Complicating the manhunt, though, was the fact that police have so far been unable to officially identify who exactly is at large.
While police have identified the 12 members of the cell, three people remain unaccounted for: two believed killed when the house where the plot was being hatched exploded Wednesday, and a suspected fugitive, Catalan police official Josep Lluis Trapero told reporters today.
Trapero declined to confirm that Younes Abouyaaquoub, a 22-year-old Moroccan, was the one at large and the suspected driver of the van that plowed down Barcelona's Las Ramblas promenade Thursday, killing 13 people and injuring 120.
Another attack hours later killed one person and injured others in seaside town of Cambrils.
"We are working in that line," Trapero said. But he added: "We don't know where he is."

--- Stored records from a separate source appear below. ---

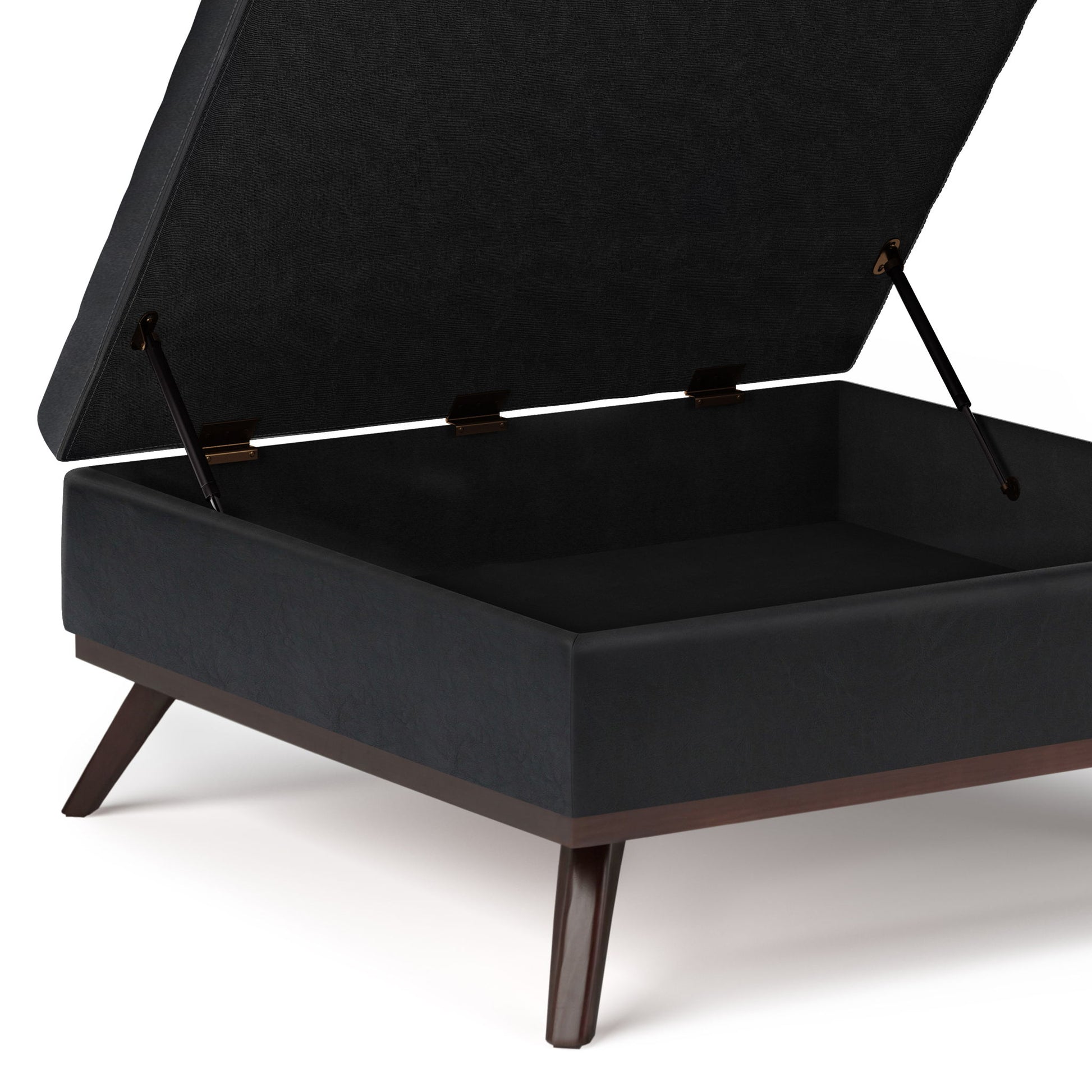 The Owen Multifunctional Square Coffee Table Storage Ottoman features a modern black upholstered finish, hinged lid for easy access to a spacious interior, angled wooden legs, and a sleek, minimalist design.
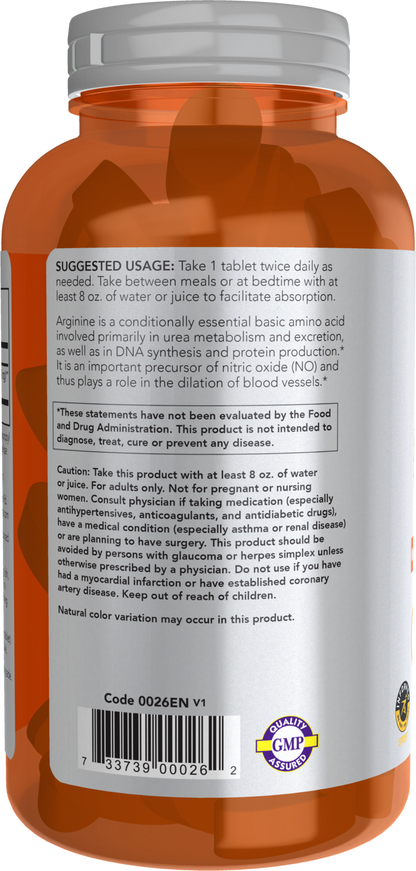 NOW Sports, L-Arginine 1,000mg, Double Strength, N.O. Precursor*, 180 Tabs
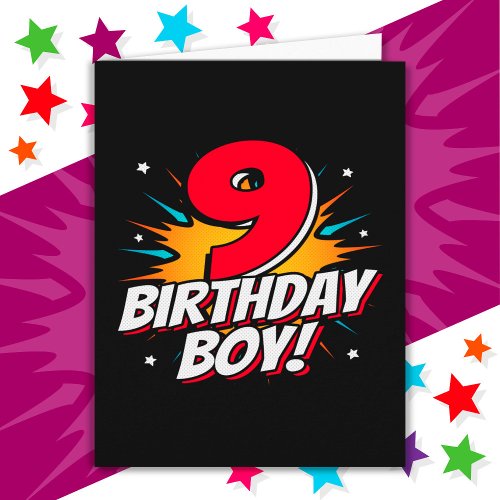 9 Year Old Superhero Birthday Boy 9th Birthday Card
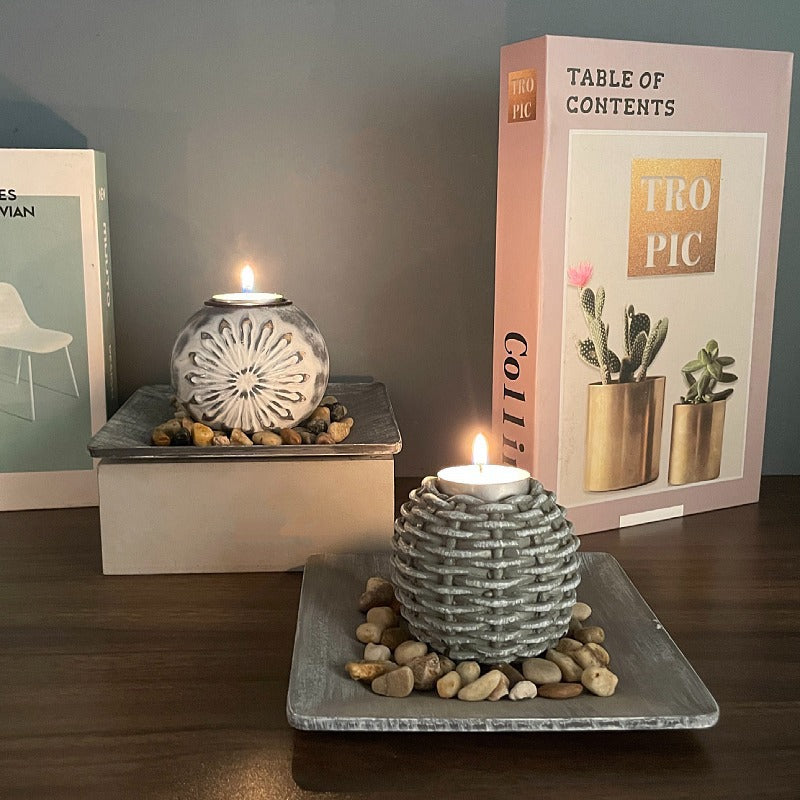 Bulk Wooden Ball-Shaped Candle Holder with Tray Centerpieces for Home Decor Wedding Party Events Wholesale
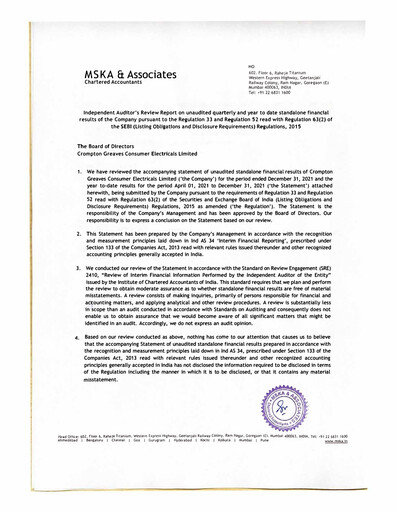 Thumbnail Crompton Greaves Consumer Electricals Quarterly Report 2021-2022-q3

Another police official did confirm that three vans tied to the investigation were rented with Abouyaaquoub's credit card: The one used in the Las Ramblas carnage, another found in the northeastern town of Ripoll, where all the main attack suspects lived, and a third found in Vic, on the road between the two.

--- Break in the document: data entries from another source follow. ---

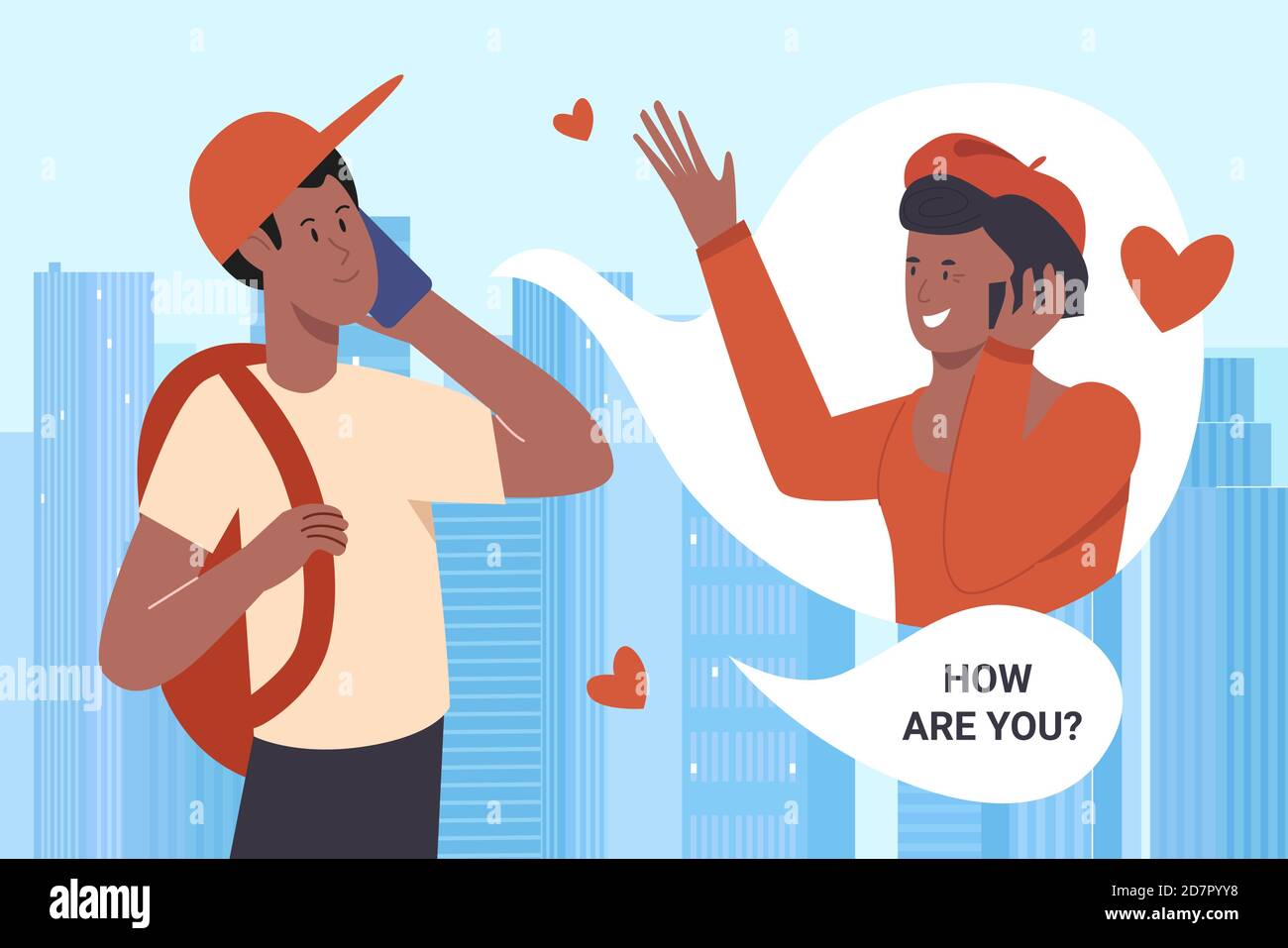 Vektordarstellung „Eltern anrufen“. Cartoon Student hält Telefon in der Hand für aus der Ferne glücklich Gespräch mit Mutter oder Großmutter, anrufen und lächeln, Remote-Kommunikationstechnologie Hintergrund Stock Vektor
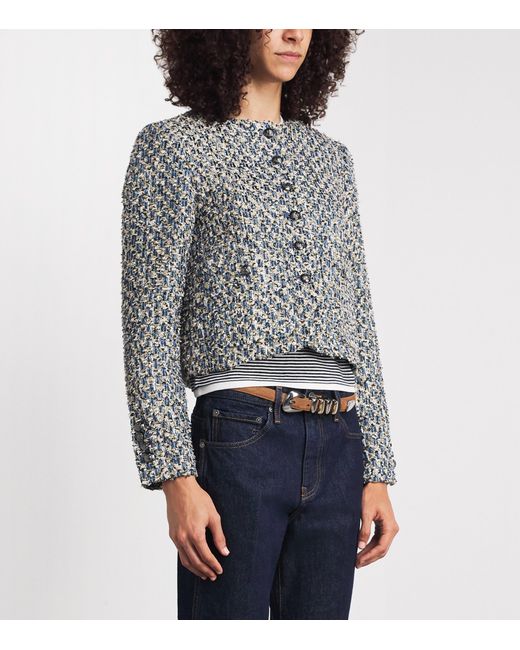 ME+EM Gray Tweed Cropped Jacket
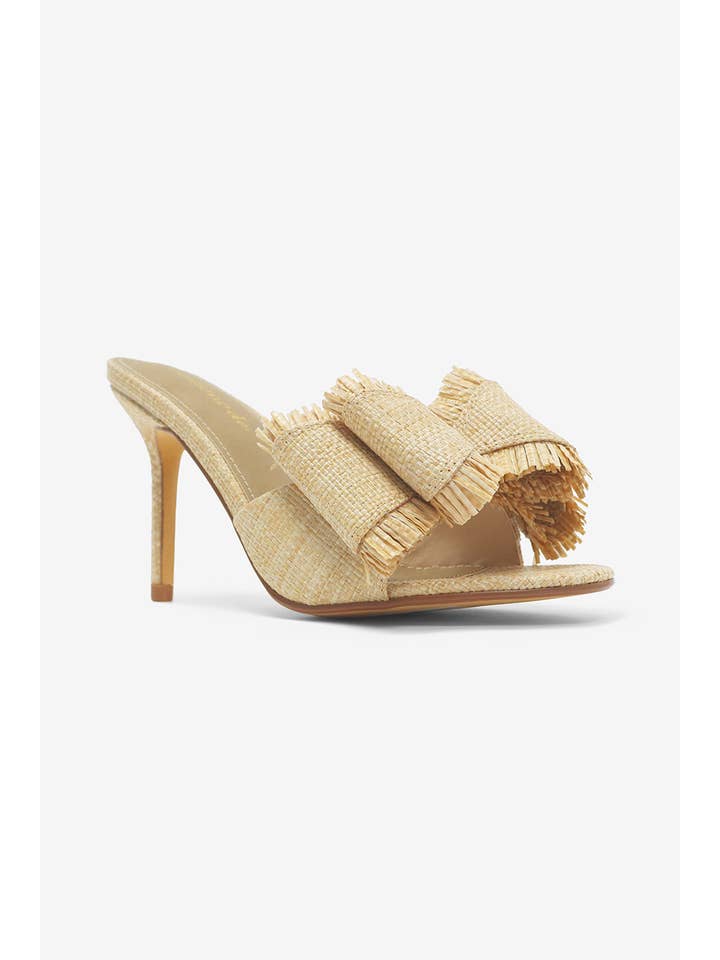 Lemonade Shoes - Wholesale High Heels - Women's - BEACH HOUSE - Raffia Bow Mules, Woven Finish, Stiletto Heel8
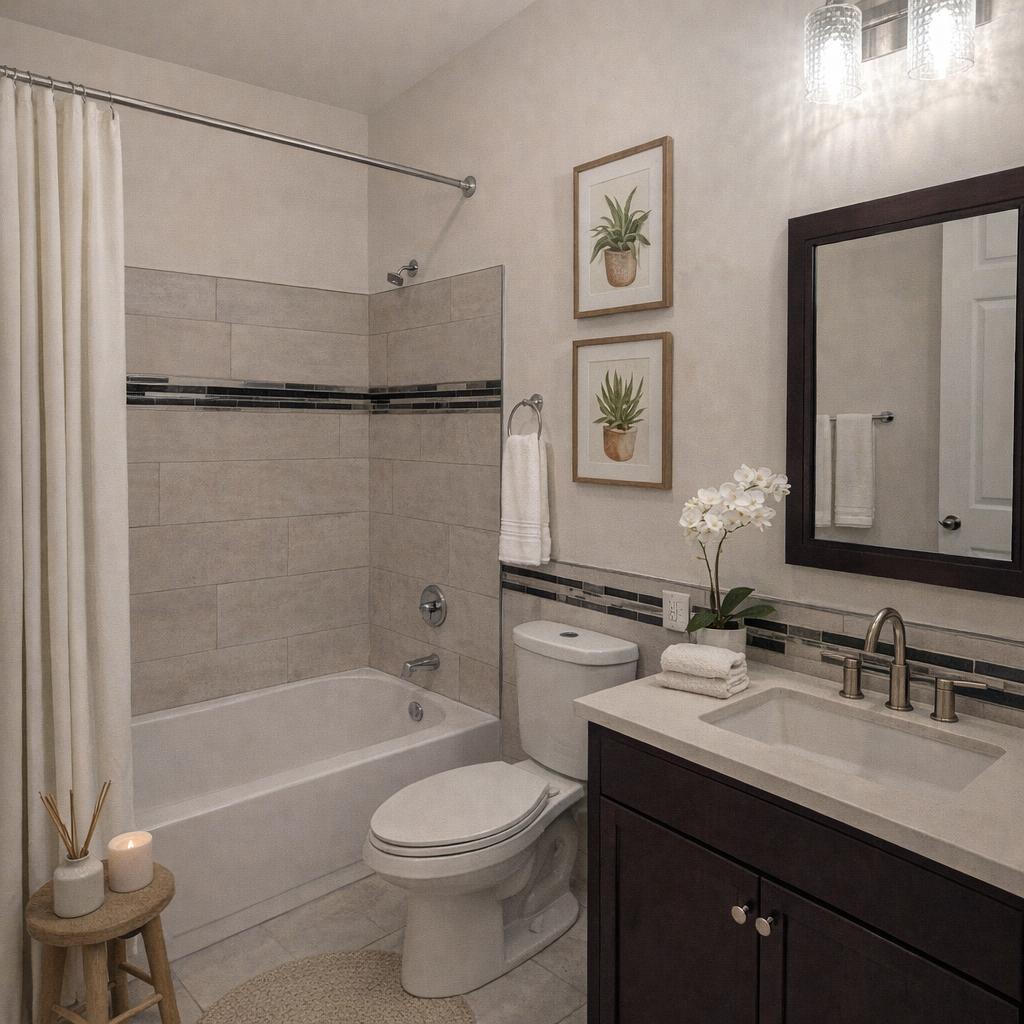 5933 Trinity Street Philadelphia, PA 19143 - Photo 7 of 18 Serene bathroom with modern touches.(Staged)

Police believe the cell members had planned to fill the vans with explosives and create a massive attack in the Catalan capital. Trapero confirmed that more than 100 tanks of butane gas were found at the Alcanar house that exploded, as well as ingredients of the explosive TATP, which was used by the Islamic State group in attacks in Paris and Brussels.
"Our thesis is that the group had planned one or more attacks with explosives in the city of Barcelona," he said. That plot was foiled, however, when the house in Alcanar blew up Wednesday night.

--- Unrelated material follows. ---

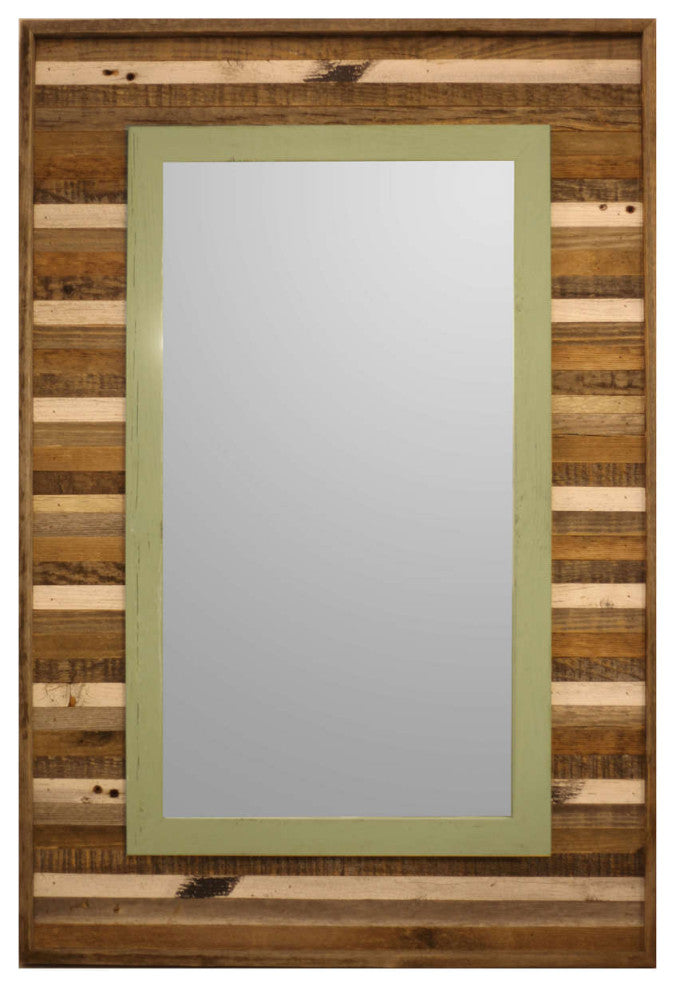 Summerland Barnwood Mirror 26"x38", Green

The investigation is also focusing on a missing imam, Abdelbaki Es Satty, who police think could have died in the Alcanar explosion. Trapero confirmed the imam was part of the investigation but said police had no solid evidence that he was responsible for radicalising the young men in the cell. Es Satty in June abruptly quit working at a mosque in Ripoll and has not been seen since.
His former mosque denounced the deadly attacks and weeping relatives marched into a Ripoll square on Saturday, tearfully denying any knowledge of the radical plans of their sons and brothers. Abouyaaquoub's mother said his younger brother Hussein has also disappeared, as has the younger brother of one of five radicals shot dead Friday by police during the Cambrils attack.
Everyone so far known in the cell grew up in Ripoll, a town in the Catalan foothills 100 kilometers (62 miles) north of Barcelona. Spanish police searched nine homes in Ripoll, including Es Satty's, and set up roadblocks. French police carried out extra border checks on people coming in from Spain.
Neighbours, family and the mayor of Ripoll said they were shocked by news of the alleged involvement of the young men, whom all described as integrated Spanish and Catalan speakers.